Police filed charges yesterday against an alleged ringleader and five other people accused of involvement in an anti-coup rally in the Thai capital that turned violent and left 270 injured.
About 200 police and 70 protesters were hurt in a clash sparked late on Sunday during a protest against Thailand's military-installed government outside the Bangkok home of former prime minister General Prem Tinsulanonda, Bangkok police chief Lieutenant General Adisorn Nontree said.
Two policemen were severely injured, Adisorn said in a telephone interview.
charges
Six suspects were charged with "causing chaos, obstructing the work of authorities, and damage of state property, and they include a protest leader, Noparut Worachitwutikul," Police Colonel Supisal Pakdeenarunart said.
Several thousand people rallied outside Prem's house, whom they accuse of instigating the coup that ousted prime minister Thaksin Shinawatra in September last year. They called for the octogenarian Prem, who was home at the time, to resign as top adviser to King Bhumibol Adulyadej.

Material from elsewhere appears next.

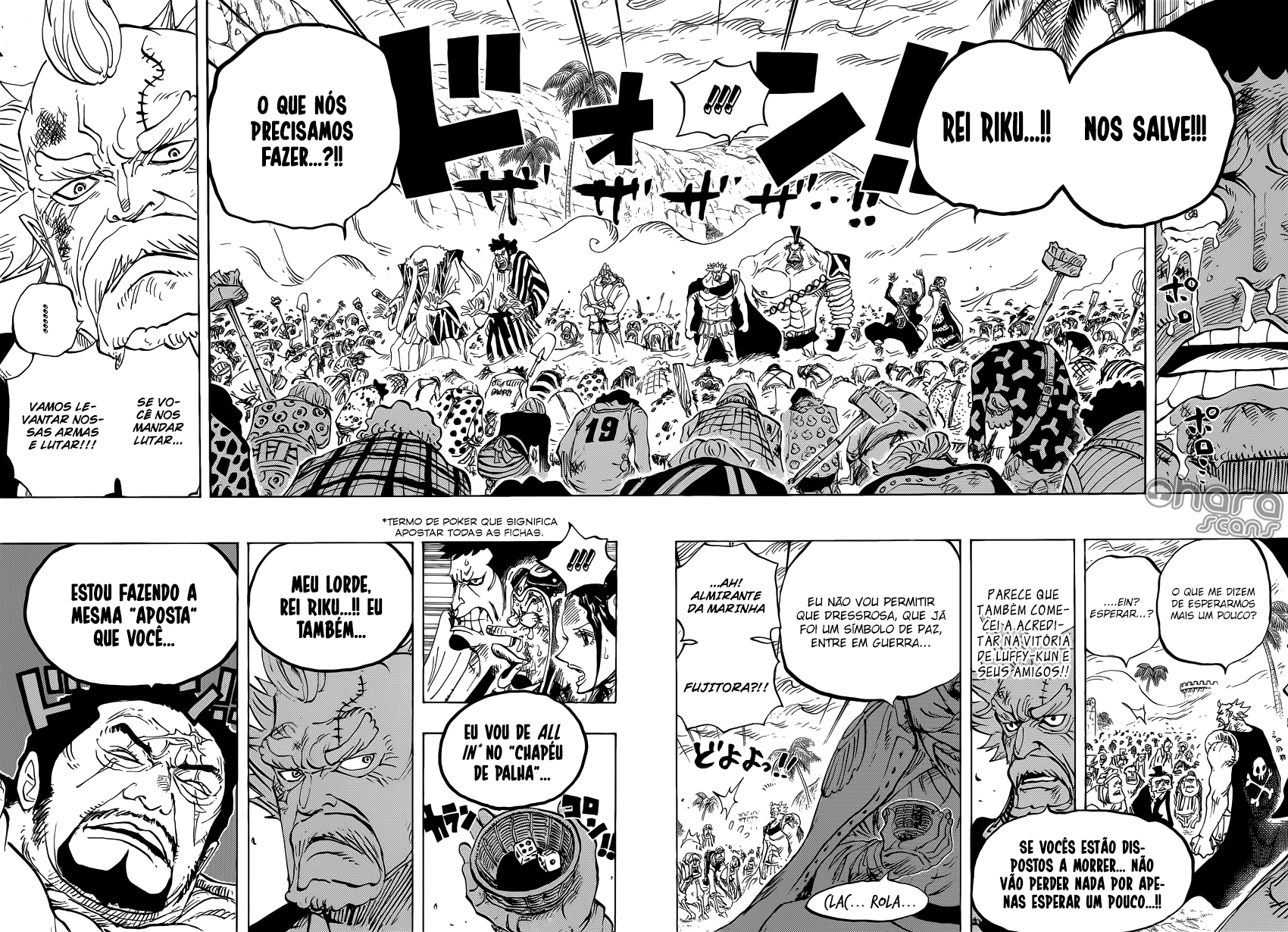 Read One Piece BR Manga Online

"Investigators are gathering evidence and witnesses to file more serious charges against the protest leaders," Supisal said.
Adisorn said they would seek arrest warrants yesterday or today for eight more organizers of the rally, six of whom were top members of Thaksin's now disbanded Thai Rak Thai party.
The most serious fighting developed on Sunday night when police tried to detain protest leaders as they spoke from a makeshift stage on top of a truck.
After the first police effort to detain the protest leaders failed, the crowd began throwing bottles and other objects at the security forces as they retreated.
Sporadic charges by police using pepper spray set off street fighting and wild chases through the area, a usually quiet Bangkok district filled with military and government offices far from commercial areas of the Thai capital.
"The police have exercised the utmost patience but they [the demonstrators] have tried in every way to hurt the security officials there and break through the blockades the police set up outside the house," Colonel Sansern Kaewkamnerd, spokesman for the military's Council for National Security, said during the protest.
Adisorn said police increased security around Prem's house yesterday morning.
`misinformed'
Sansern said there were 3,000 to 5,000 protesters and that most of them were "misinformed" about the political situation. He claimed some had been paid to take part.
Although the police appeared to exercise restraint, some protesters accused them of abuse.
"Policemen definitely overreacted. ... They beat protesters up with batons and dozens of protesters were injured," a protest organizer said yesterday.